In the following paragraphs, satellite PRN21 is used as an example to analyze the acquisition accuracy of the method proposed in this study and the parallel code phase search based on fast Fourier transform (FFT). Figure 2(a) shows the acquisition results obtained using the parallel search algorithm, and Figure 2(b) shows the results obtained using the acquisition algorithm proposed in this study. The Doppler frequency shift can be evaluated by subtracting the IF signal frequency result from 9.548 MHz, which can be used for quantifying the algorithm performance. From figures, it can be seen that the IF signal frequency obtained by the parallel code phase search algorithm is 9.54743 MHz, which has a Doppler frequency shift of −570 Hz in comparison with the actual IF signal frequency. The IF signal frequency estimated by the acquisition algorithm in this study is 9.54825 MHz, which has a Doppler frequency shift of −250 Hz. Hence, it can be seen that the algorithm proposed in this study has a more accurate estimation of the Doppler frequency shift.
The execution times of the algorithms proposed in this study and the parallel search algorithm were statistically tested under the same environment for a total of 10 measurements. The average values were calculated, and the results obtained are given in Table 1. As given in Table 1, the execution time of the acquisition algorithm proposed in this study is much smaller than the execution time of the traditional parallel acquisition algorithm; thus, the acquisition speed of the algorithm proposed in this study is fast.
To verify the sensitivity of the acquisition algorithm, signals with different signal-to-noise ratios need to be acquired for testing.
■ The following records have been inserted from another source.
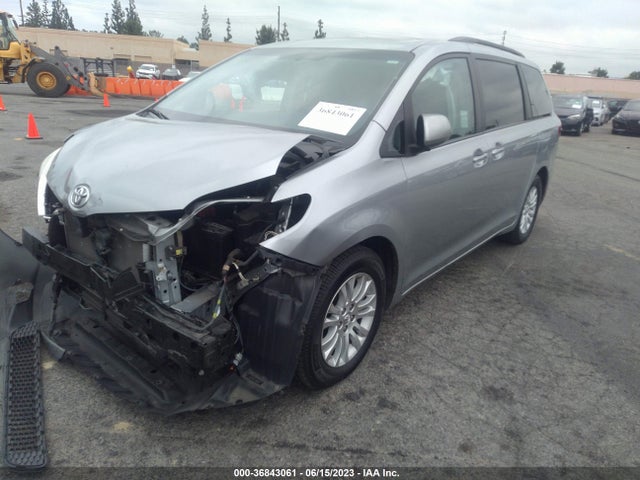 Toyota Sienna Xle Auto Access 2017 5TDYZ3DC4HS822078 Image 2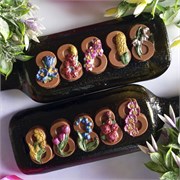 Фигурный молочный шоколад 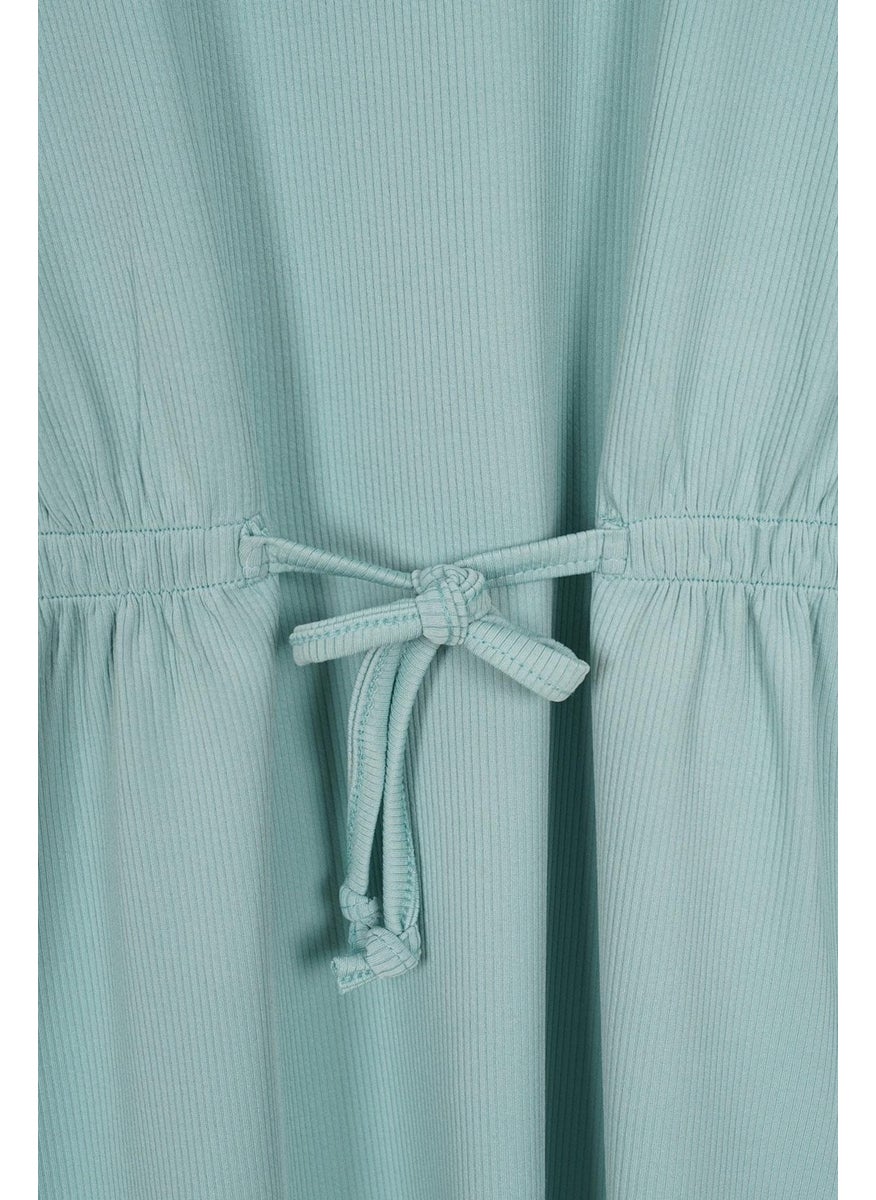 WEWE Crew Neck Age Green Color Girl's Thai Suit  - Image 4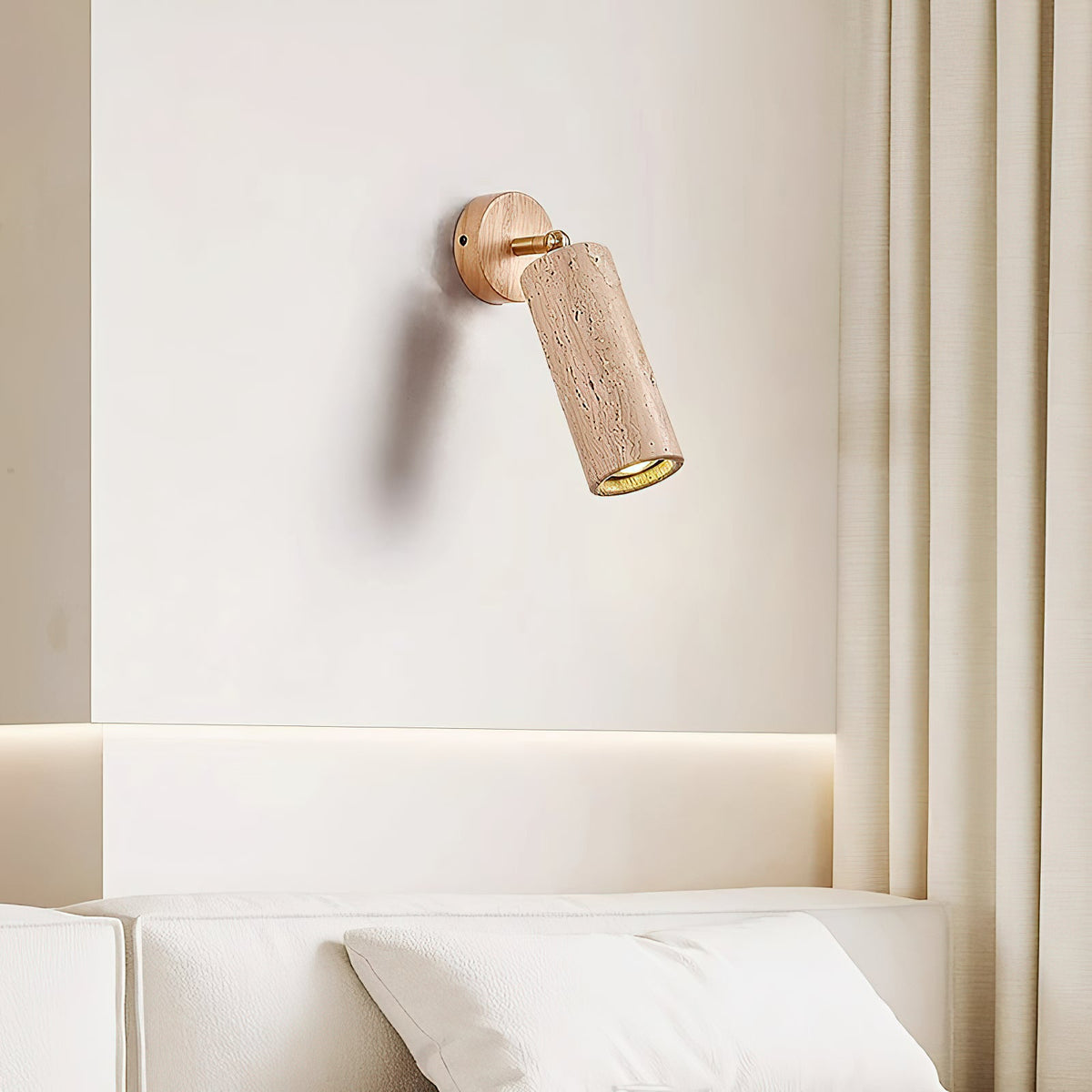 travertine-mireille-wall-lamp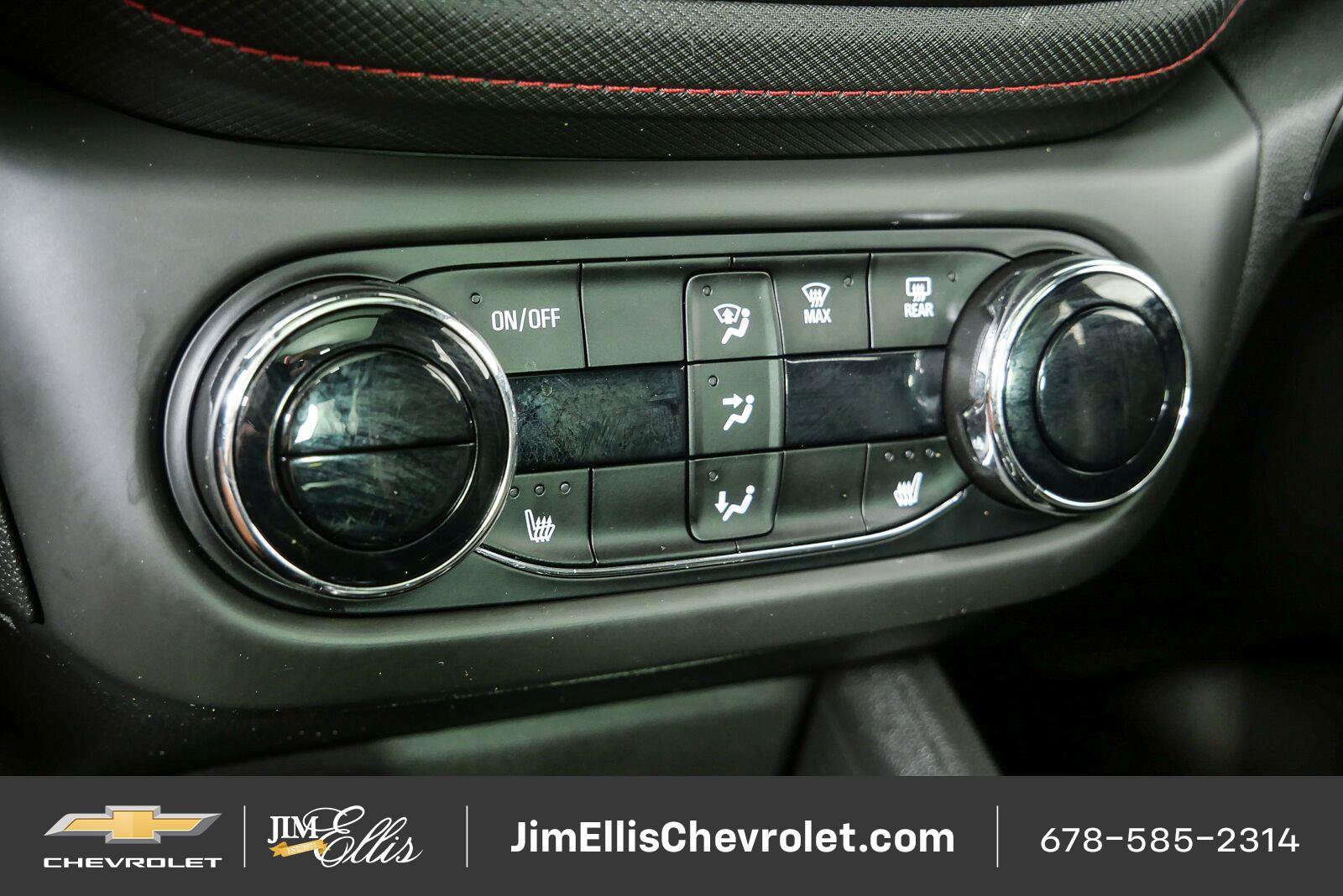 Used 2022 Chevrolet TrailBlazer RS w/ Sun and Liftgate Package FWD image 15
Since the flexible control of the signal-to-noise ratio cannot be realized on physically acquired data, the software Matlab was used to generate simulated GPS signals as the test signals. The simulation generates the No. 6 GPS satellite signal with a data length of 100 ms, randomized navigation message data, signal frequency of 4 MHz, sampling frequency of 16 MHz, and initial signal phase of 0. The signal is combined with additive zero-mean Gaussian white noise with noise variance σ2 = 1. Figure 3 shows the performance comparison of using the parallel code phase search acquisition algorithm using the acquisition algorithm proposed in this study to acquire the simulated GPS satellite signal.
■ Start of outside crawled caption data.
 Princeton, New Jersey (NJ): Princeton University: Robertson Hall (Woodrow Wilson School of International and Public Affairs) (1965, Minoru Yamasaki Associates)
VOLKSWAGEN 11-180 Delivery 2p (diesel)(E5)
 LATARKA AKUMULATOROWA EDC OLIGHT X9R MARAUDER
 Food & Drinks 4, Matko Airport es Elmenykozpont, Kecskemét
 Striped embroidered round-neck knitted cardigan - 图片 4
As shown in figure, the probability of a correct acquisition increases with the increase of signal-to-noise ratio for both algorithms; however, compared with the traditional parallel acquisition algorithm, the acquisition performance of the proposed algorithm is better and more sensitive for any given signal-to-noise ratio. For the probability of correct acquisitions to reach 90%, the traditional parallel acquisition algorithm requires a signal-to-noise ratio of −41 dB or more, while the acquisition algorithm used in this study requires a signal-to-noise ratio of only −44 dB. This demonstrates that the acquisition algorithm used in this study is more suitable for the acquisition of weak signals as compared to the traditional algorithm.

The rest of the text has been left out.